The -input flag is mandatory; if the other flags are not used then the program will use default settings, such as writing the results to a file named out.txt.

Program Output: The program will output the matching results to the specified output file, and print the approximate time it spent. We have handled the functionality of generating the output file.

Test Cases

We have provided input and expected output for several randomly generated testcases. Each of the input files has a filename “inputX.mtx” for some value X. The corresponding solution has filename “outputX.txt”.

For example, if you fully and correctly implement the required parts of this project, then the command ./match -input testcases/input5.mtx -output out.txt -threads 1024 would produce a file named out.txt that’s identical to testcases/output5.txt. (You can also use a different number of threads than 1024, and should get the same output.)
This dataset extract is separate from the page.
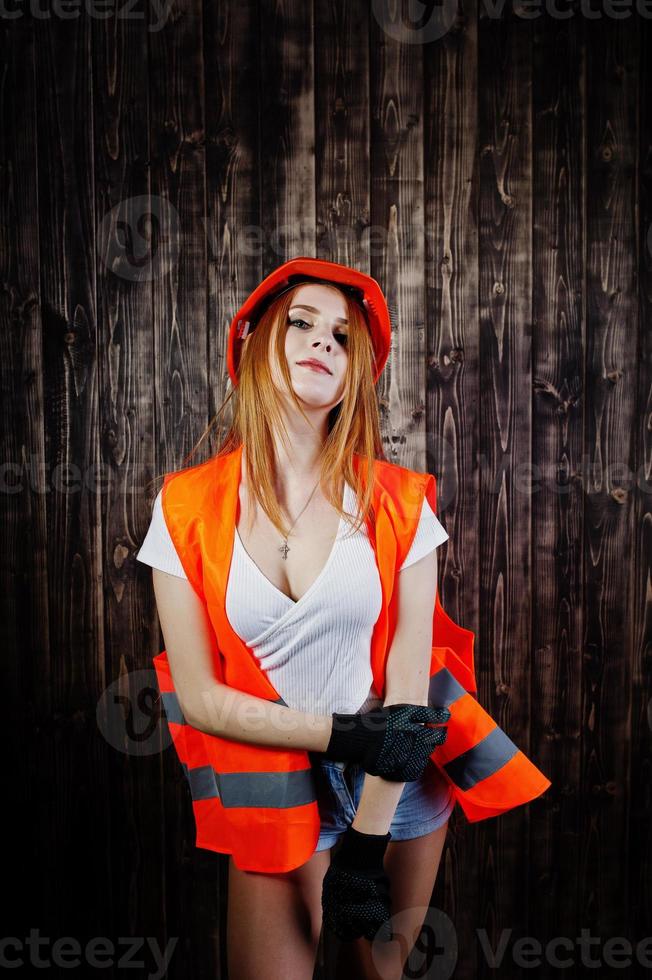 femme ingénieur en orange protège le casque et la veste de construction sur fond de bois. photo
Note that you can use the diff command to compare two text files. For example, diff out.txt testcases/output9.txt will either display a list of differences between those two files, or display nothing if they are identical.

Debugging

You can use cuda-gdb to help detect and debug errors in your GPU kernel functions. Make sure to use the command set cuda memcheck on when you first launch cuda-gdb.

Before debugging, make sure to compile your code with the make debug command. This might make your code run slower, but will allow cuda-gdb to retrieve more high-level information about any memory errors it detects.

GPUs are a finite resource!

You can run the program nvidia-smi to view the GPUs on your current machine, including some information about which ones are currently in use. If the project executable tries to run on a GPU device that is already used by many users, then it may be unable to run correctly, getting stuck or throwing unusual errors (e.g. “out of memory”).

We’ve added an optional argument to the program that lets you select the GPU device to use. For example, if nvidia-smi tells you that there are four GPU devices but devices 0, 1, and 2 are all in use, then you might run the match program with the flag “-device 3” so that it will use device #3. However, be aware that some of the computers in ilab that you can use have only one GPU.

If this isn’t sufficient to get the program working (i.e. there are no available GPU devices), then you may need to switch to a different ilab machine.

What to Submit

You should invoke make submit to generate the file submit_me.tar containing your GPU code. This only generates the file; it does not automatically submit it. You need to submit submit_me.tar to Sakai.

If you change your code after generating this tar file, don’t forget to regenerate (and resubmit) the tar afterward.

If you complete the extra credit, then you should additionally submit your 3-page report in PDF format.

Please DO NOT submit any other code, executable, mtx files, matching results, etc.

Extra-credit

The extra credit part of this project concerns the parallel implementation of finding the strongest neighbors (i.e. producing the strongNeighbor array in Fig. 1).

If you choose to complete the extra-credit, you must design the parallel algorithm for finding the maximal neighbor of each node. There are several factors to consider include, but are not limited to:

  • Load balancing. Each node has a different number of neighbors, so partitioning the work according to node may not be a good idea.
  • Thread divergence. Each thread in each warp (i.e. each group of 32 consecutive threads) should perform the same operations, or else parallelism is reduced.
  • Memory coalescing. A memory operation is more efficient when consecutive threads are accessing consecutive memory locations.

You can use as many GPU kernel functions as you feel are necessary, which should all be placed inside the extra.cu file. You will call these kernels at the appropriate place inside onewaywrapper.cu. If necessary, you are permitted to define additional GPU arrays inside onewaywrapper.cu. Your implementation will be invoked iff you use the -extra flag on the command-line when you run the match program.

For full points on the extra credit, you need need to write a three-page report including your algorithm, the implementation results, and evaluation.

Questions

Questions regarding this project can be posted on Sakai forum. Good luck!